◆ Data

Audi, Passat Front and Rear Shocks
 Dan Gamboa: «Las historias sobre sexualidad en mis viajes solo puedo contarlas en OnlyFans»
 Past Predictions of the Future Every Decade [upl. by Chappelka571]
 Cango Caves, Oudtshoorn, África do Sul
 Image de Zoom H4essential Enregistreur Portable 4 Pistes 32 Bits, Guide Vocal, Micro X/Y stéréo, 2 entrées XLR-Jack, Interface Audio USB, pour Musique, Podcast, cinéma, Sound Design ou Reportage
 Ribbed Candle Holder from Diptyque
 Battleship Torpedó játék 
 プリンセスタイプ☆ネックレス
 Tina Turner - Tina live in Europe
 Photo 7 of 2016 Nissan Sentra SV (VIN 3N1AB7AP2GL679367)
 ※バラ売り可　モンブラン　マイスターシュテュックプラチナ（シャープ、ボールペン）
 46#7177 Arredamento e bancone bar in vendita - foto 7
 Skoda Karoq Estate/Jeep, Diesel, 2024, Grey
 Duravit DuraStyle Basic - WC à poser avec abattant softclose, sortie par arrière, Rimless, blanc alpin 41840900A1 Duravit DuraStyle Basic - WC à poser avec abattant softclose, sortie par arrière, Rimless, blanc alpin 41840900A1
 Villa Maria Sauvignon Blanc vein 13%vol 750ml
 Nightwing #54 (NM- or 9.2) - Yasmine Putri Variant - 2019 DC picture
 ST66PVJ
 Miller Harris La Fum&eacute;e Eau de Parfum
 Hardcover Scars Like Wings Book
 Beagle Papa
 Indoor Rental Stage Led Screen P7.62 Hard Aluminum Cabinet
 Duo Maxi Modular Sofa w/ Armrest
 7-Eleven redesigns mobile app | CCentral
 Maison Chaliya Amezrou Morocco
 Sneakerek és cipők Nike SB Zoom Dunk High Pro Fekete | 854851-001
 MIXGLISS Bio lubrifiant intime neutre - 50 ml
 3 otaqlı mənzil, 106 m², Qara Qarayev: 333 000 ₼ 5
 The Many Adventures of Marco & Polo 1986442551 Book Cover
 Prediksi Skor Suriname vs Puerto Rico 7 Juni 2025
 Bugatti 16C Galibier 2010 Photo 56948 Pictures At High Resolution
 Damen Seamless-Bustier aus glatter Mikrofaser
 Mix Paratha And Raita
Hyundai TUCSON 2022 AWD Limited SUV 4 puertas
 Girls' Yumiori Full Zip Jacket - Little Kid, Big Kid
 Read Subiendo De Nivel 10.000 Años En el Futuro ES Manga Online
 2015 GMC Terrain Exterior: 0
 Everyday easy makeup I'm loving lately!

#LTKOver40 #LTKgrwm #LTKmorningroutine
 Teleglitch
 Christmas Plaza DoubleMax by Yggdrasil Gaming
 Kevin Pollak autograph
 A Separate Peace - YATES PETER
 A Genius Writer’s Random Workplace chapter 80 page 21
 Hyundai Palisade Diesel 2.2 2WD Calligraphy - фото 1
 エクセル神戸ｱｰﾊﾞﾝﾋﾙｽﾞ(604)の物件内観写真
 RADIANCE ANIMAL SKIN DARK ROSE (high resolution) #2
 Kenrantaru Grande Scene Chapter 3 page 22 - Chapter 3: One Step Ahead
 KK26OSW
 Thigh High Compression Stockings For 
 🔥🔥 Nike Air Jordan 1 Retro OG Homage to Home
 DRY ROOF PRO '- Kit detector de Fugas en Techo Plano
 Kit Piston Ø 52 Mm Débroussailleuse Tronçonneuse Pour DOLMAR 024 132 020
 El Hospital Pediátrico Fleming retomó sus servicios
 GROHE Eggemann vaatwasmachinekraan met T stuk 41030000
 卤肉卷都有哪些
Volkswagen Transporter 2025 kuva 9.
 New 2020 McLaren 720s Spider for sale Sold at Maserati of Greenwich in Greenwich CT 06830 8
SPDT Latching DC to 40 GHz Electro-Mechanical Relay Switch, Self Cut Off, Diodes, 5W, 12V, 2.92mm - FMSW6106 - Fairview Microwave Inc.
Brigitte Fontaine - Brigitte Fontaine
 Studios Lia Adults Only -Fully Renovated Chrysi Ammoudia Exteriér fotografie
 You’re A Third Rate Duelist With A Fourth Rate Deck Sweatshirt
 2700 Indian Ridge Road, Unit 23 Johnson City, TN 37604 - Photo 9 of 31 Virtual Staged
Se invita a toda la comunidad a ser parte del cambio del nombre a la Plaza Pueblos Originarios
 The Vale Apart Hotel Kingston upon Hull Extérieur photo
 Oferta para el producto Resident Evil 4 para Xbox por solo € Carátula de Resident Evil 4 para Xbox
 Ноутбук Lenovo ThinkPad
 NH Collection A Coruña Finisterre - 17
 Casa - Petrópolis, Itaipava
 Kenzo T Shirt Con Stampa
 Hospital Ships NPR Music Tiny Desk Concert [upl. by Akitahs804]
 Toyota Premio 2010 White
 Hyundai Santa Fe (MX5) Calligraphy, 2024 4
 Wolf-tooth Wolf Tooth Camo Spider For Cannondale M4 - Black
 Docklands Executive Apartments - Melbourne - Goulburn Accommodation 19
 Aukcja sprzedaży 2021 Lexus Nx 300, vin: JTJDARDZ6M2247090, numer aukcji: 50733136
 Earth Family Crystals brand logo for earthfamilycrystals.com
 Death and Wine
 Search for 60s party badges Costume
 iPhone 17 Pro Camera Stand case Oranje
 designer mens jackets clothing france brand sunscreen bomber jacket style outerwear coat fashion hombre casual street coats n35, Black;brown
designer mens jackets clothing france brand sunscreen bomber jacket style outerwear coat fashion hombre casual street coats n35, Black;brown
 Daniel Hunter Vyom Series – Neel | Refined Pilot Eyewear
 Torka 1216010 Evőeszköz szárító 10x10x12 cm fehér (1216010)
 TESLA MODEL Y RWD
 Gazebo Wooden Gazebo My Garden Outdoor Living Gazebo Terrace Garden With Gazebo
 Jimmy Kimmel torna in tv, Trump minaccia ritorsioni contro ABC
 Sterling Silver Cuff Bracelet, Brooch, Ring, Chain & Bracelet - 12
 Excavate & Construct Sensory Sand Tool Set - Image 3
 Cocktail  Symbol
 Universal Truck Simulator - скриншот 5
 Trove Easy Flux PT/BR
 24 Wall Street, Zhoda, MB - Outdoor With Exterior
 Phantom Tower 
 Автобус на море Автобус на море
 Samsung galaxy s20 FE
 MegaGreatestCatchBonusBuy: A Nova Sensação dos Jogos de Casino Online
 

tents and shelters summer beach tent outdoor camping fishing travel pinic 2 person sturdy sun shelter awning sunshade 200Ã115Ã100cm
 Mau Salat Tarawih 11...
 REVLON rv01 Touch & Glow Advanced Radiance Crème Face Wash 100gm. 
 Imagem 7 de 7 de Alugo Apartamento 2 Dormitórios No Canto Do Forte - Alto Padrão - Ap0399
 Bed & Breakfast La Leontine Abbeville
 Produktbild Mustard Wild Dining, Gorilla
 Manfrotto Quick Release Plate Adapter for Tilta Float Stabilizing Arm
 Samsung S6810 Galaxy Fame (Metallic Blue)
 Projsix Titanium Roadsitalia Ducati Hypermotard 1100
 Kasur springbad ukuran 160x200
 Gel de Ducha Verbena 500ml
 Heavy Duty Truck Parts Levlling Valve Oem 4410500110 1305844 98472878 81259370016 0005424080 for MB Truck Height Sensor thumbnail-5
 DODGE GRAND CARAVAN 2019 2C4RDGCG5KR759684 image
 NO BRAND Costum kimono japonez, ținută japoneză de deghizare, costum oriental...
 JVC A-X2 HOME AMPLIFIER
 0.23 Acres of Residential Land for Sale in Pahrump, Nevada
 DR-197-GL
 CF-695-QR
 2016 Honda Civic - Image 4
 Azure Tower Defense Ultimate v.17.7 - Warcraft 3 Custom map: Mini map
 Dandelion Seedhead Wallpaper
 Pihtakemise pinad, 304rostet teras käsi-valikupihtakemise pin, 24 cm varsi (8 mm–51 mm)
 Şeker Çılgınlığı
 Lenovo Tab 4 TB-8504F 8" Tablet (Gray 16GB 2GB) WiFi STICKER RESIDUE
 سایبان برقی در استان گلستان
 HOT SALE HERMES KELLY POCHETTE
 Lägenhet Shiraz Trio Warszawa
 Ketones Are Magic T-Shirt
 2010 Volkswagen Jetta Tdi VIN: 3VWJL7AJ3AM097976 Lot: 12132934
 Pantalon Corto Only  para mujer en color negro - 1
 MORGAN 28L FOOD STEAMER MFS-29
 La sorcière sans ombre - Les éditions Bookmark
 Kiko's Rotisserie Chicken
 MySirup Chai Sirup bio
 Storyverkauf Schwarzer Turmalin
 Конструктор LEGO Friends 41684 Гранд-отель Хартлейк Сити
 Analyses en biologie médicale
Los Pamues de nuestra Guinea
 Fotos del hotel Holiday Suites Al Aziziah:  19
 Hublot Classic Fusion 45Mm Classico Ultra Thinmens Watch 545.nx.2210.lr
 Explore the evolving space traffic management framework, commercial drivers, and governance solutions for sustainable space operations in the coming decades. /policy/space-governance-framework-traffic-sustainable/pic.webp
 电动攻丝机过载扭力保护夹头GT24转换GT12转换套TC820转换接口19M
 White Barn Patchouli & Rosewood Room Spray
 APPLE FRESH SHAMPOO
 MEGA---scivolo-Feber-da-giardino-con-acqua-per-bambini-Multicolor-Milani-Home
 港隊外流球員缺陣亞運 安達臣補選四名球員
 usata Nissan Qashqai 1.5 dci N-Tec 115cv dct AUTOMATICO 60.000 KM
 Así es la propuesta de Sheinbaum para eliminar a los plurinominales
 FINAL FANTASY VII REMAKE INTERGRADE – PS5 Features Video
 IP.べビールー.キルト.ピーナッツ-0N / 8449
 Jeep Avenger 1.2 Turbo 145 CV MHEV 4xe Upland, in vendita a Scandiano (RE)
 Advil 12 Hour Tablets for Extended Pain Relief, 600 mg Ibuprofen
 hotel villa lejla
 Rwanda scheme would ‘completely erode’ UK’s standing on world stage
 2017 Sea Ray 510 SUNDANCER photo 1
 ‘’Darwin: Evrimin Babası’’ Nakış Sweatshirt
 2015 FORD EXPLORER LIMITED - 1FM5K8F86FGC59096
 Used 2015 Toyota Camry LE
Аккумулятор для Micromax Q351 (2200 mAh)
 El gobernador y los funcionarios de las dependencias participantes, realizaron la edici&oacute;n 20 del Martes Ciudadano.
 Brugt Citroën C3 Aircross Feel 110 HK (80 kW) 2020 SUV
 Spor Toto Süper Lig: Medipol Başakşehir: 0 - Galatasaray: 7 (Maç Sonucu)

◆ Task directions
Could you return exactly the stretch of the data above that starts at the line with "RADIANCE ANIMAL SKIN" and ends at the line with "Hospital Ships NPR", both lines included?

◆ Your solution
 RADIANCE ANIMAL SKIN DARK ROSE (high resolution) #2
 Kenrantaru Grande Scene Chapter 3 page 22 - Chapter 3: One Step Ahead
 KK26OSW
 Thigh High Compression Stockings For 
 🔥🔥 Nike Air Jordan 1 Retro OG Homage to Home
 DRY ROOF PRO '- Kit detector de Fugas en Techo Plano
 Kit Piston Ø 52 Mm Débroussailleuse Tronçonneuse Pour DOLMAR 024 132 020
 El Hospital Pediátrico Fleming retomó sus servicios
 GROHE Eggemann vaatwasmachinekraan met T stuk 41030000
 卤肉卷都有哪些
Volkswagen Transporter 2025 kuva 9.
 New 2020 McLaren 720s Spider for sale Sold at Maserati of Greenwich in Greenwich CT 06830 8
SPDT Latching DC to 40 GHz Electro-Mechanical Relay Switch, Self Cut Off, Diodes, 5W, 12V, 2.92mm - FMSW6106 - Fairview Microwave Inc.
Brigitte Fontaine - Brigitte Fontaine
 Studios Lia Adults Only -Fully Renovated Chrysi Ammoudia Exteriér fotografie
 You’re A Third Rate Duelist With A Fourth Rate Deck Sweatshirt
 2700 Indian Ridge Road, Unit 23 Johnson City, TN 37604 - Photo 9 of 31 Virtual Staged
Se invita a toda la comunidad a ser parte del cambio del nombre a la Plaza Pueblos Originarios
 The Vale Apart Hotel Kingston upon Hull Extérieur photo
 Oferta para el producto Resident Evil 4 para Xbox por solo € Carátula de Resident Evil 4 para Xbox
 Ноутбук Lenovo ThinkPad
 NH Collection A Coruña Finisterre - 17
 Casa - Petrópolis, Itaipava
 Kenzo T Shirt Con Stampa
 Hospital Ships NPR Music Tiny Desk Concert [upl. by Akitahs804]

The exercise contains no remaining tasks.